__REQUIREMENT__
The records that follow are to be reproduced exactly. Any pictures in them are left out.

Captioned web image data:
================

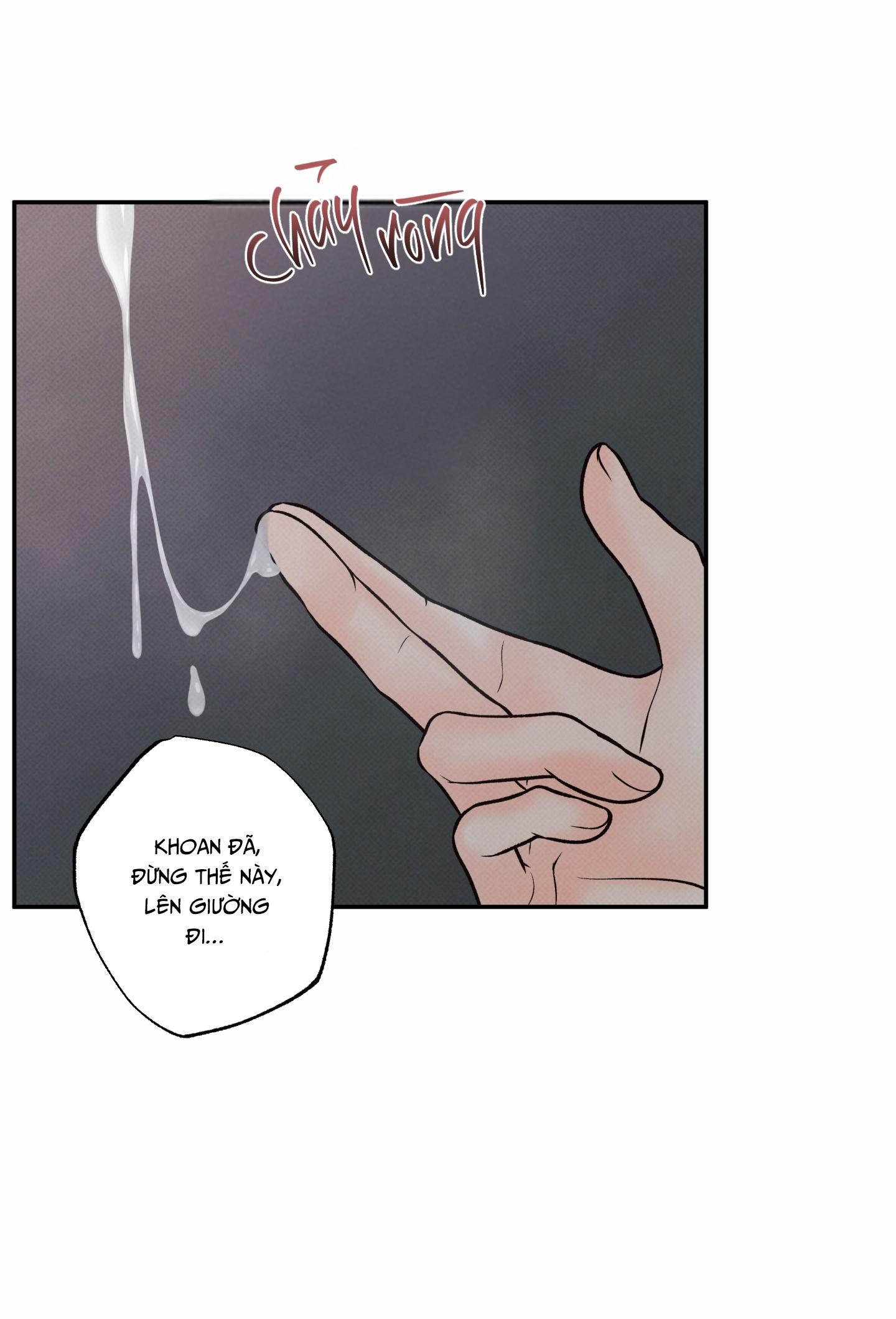 (GĐCV) RANH GIỚI CỦA SỰ MÊ HOẶC Chapter 18 - Trang 2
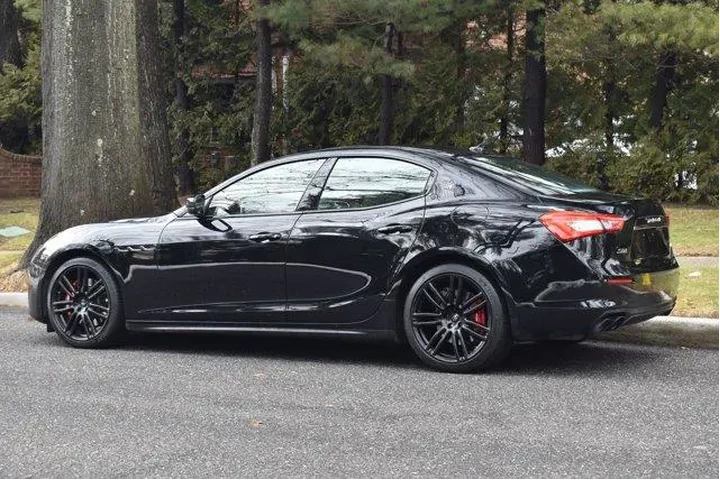 $23995 : Maserati Ghibli 2019 AWD SQ4 image 5
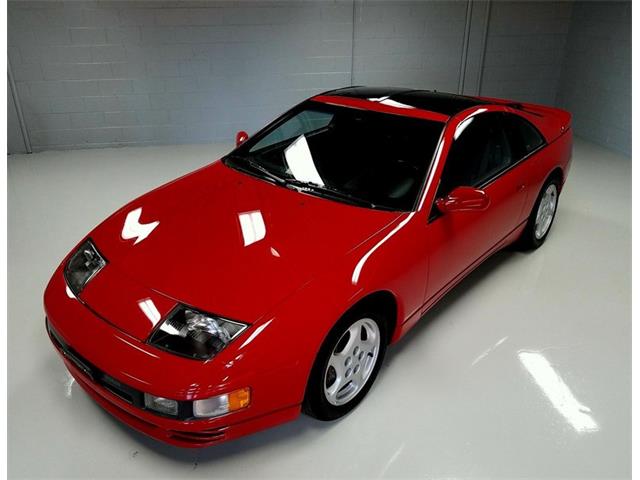 1990 Nissan 300ZX (CC-1292615) for sale in Greensboro, North Carolina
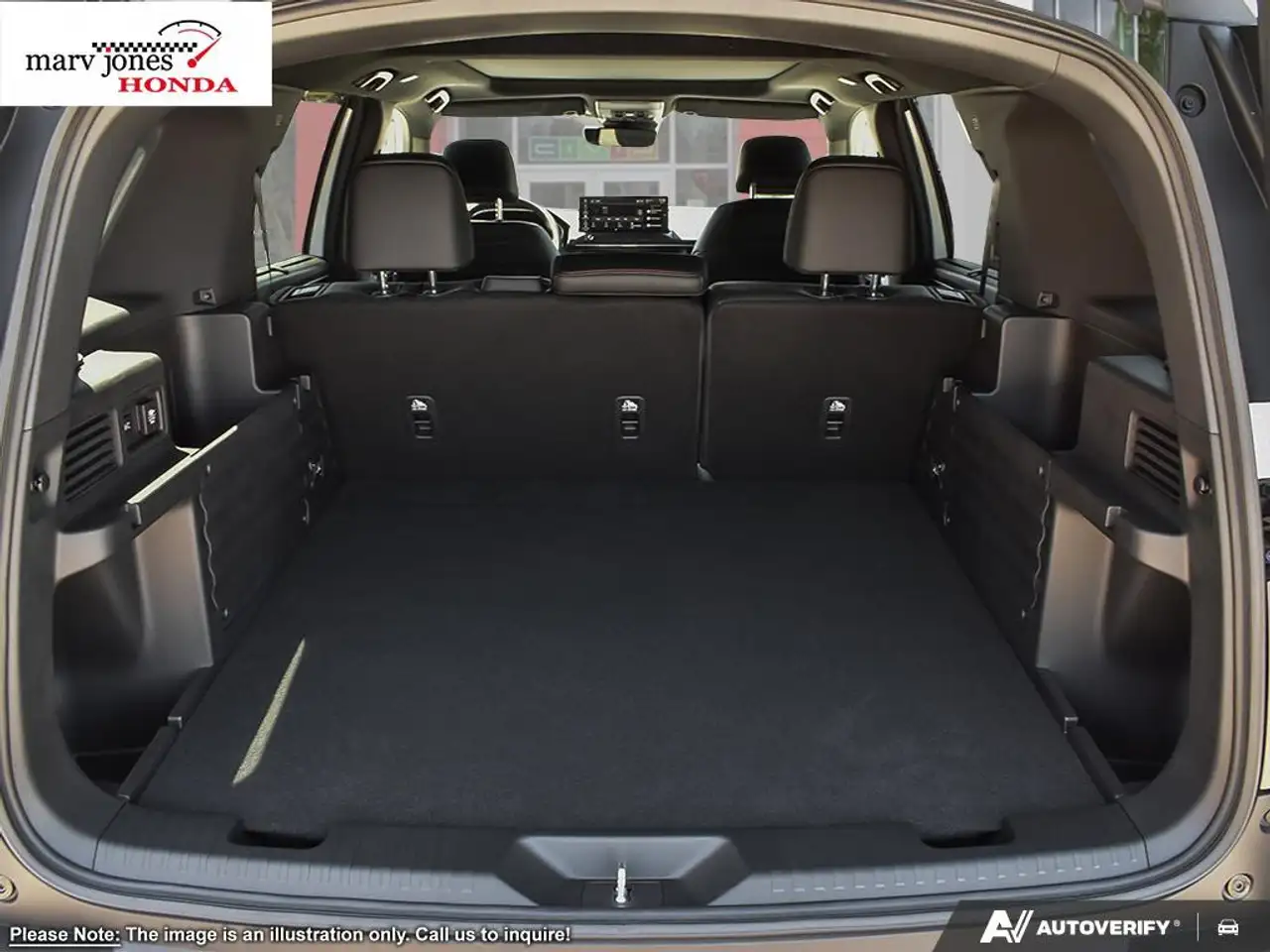 Honda Passport снимка Honda Passport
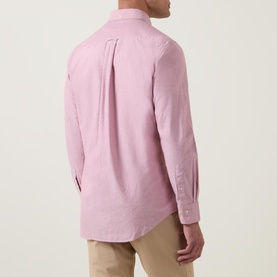 Shield Logo Oxford Shirt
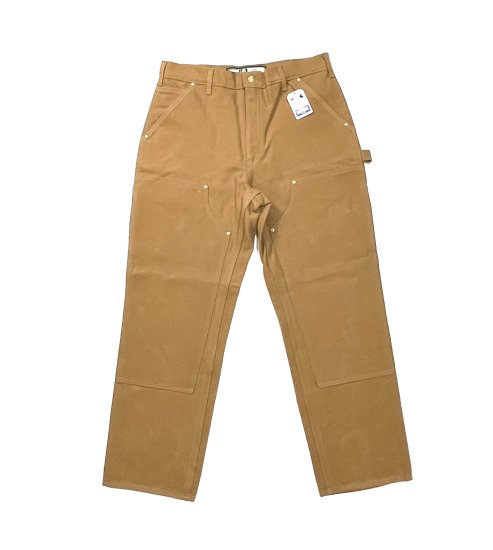Carhartt カーハート LOOSE FIT FIRM DUCK DOUBLE-FRONT UTILITY WORK 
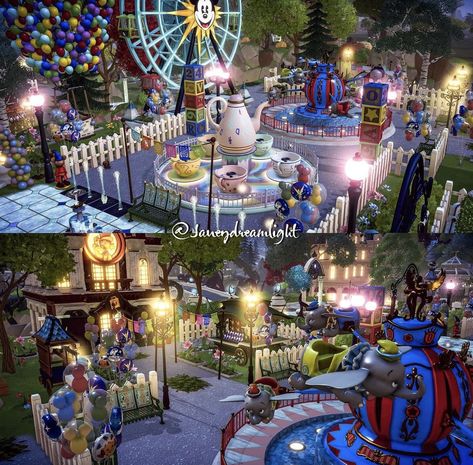 Ddlv Inspiration, Dreamland Ideas, Disney House Ideas, Disney Dreamlight Valley, Valley Landscape, Valley Village, Adventure Game, Data Mining, Disney Park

================

__OUTPUT FOR THIS TASK__
 (GĐCV) RANH GIỚI CỦA SỰ MÊ HOẶC Chapter 18 - Trang 2
 $23995 : Maserati Ghibli 2019 AWD SQ4 image 5
 1990 Nissan 300ZX (CC-1292615) for sale in Greensboro, North Carolina
 Honda Passport снимка Honda Passport
 Shield Logo Oxford Shirt
Carhartt カーハート LOOSE FIT FIRM DUCK DOUBLE-FRONT UTILITY WORK 
 Ddlv Inspiration, Dreamland Ideas, Disney House Ideas, Disney Dreamlight Valley, Valley Landscape, Valley Village, Adventure Game, Data Mining, Disney Park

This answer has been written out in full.